Década e meia volvida e acedendo a múltiplos pedidos de investigadores e estudantes, o autor e a Imprensa da Universidade de Coimbra publicaram, no final de 2020, uma versão revista e aumentada do trabalho tabelional então encetado. Na nota introdutória, o historiador Luís Reis Torgal saúda o autor «que tem feito da História uma ciência objectiva – e não uma história ideológica ou uma ideologia historiográfica – que dá prioridade à difícil análise de documentos de todo o tipo». Prossegue também com um desafio à nova geração de investigadores desta área, incitando-a a ampliar o trabalho documental já produzido, prolongando-o temporalmente para as duas primeiras décadas do século XXI e conferindo mais continuidade aos raros títulos da imprensa nacional e regional cuja história se expressa em três séculos e que, por natureza, fica espartilhada num volume desta natureza.
Além de passar a pente fino todos os periódicos deste período, corrigindo pequenas gralhas do volume anterior, Mário Matos e Lemos levou o esforço para um novo patamar, abrangendo agora mais sete títulos negligenciados em 2006 e alargando a busca de colecções de jornais das quatro bibliotecas iniciais (a Biblioteca Geral da Universidade de Coimbra, a Biblioteca Municipal de Coimbra, a Biblioteca Nacional e a Biblioteca Pública da Universidade do Porto) a uma quinta instituição (a Hemeroteca Municipal de Lisboa).
As colecções de jornais estão, na maior parte destes acervos, em estado deplorável e muitos títulos já não sobem sequer às salas de leitura geral dado o risco de deterioração definitiva dos jornais. O impulso de digitalização da década de 1990 esfumou-se.

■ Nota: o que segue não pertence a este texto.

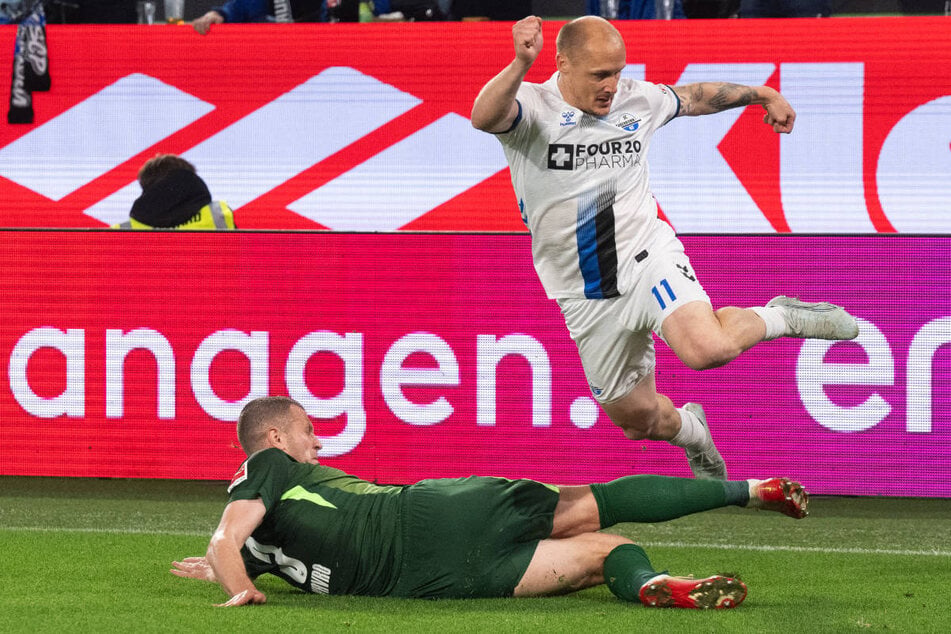 Der Ex-Unioner Sven Michel (35, r.) hat in der Bundesliga-Relegation überraschend den haushohen Favoriten VfL Wolfsburg mit seinem SC Paderborn niedergerungen.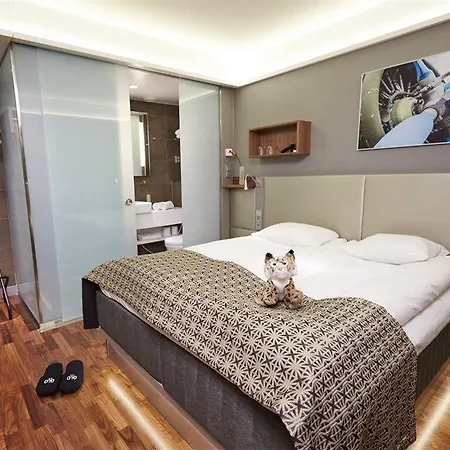 فندق Comfort Xpress Helsinki Airport Terminal 3*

Esta obra, além das suas inquestionáveis virtudes, tem ainda o condão de servir de lembrete (porventura o último) para a necessidade urgente de restaurar colecções, digitalizar materiais e sacudir a poeira que caiu sobre a produção jornalística. O Brasil, país de múltiplas virtudes e defeitos, leva-nos vinte anos de avanço ao abrigo do seu projecto de Memória dos Jornais. Quando começaremos a olhar para as nossas bibliotecas de papel?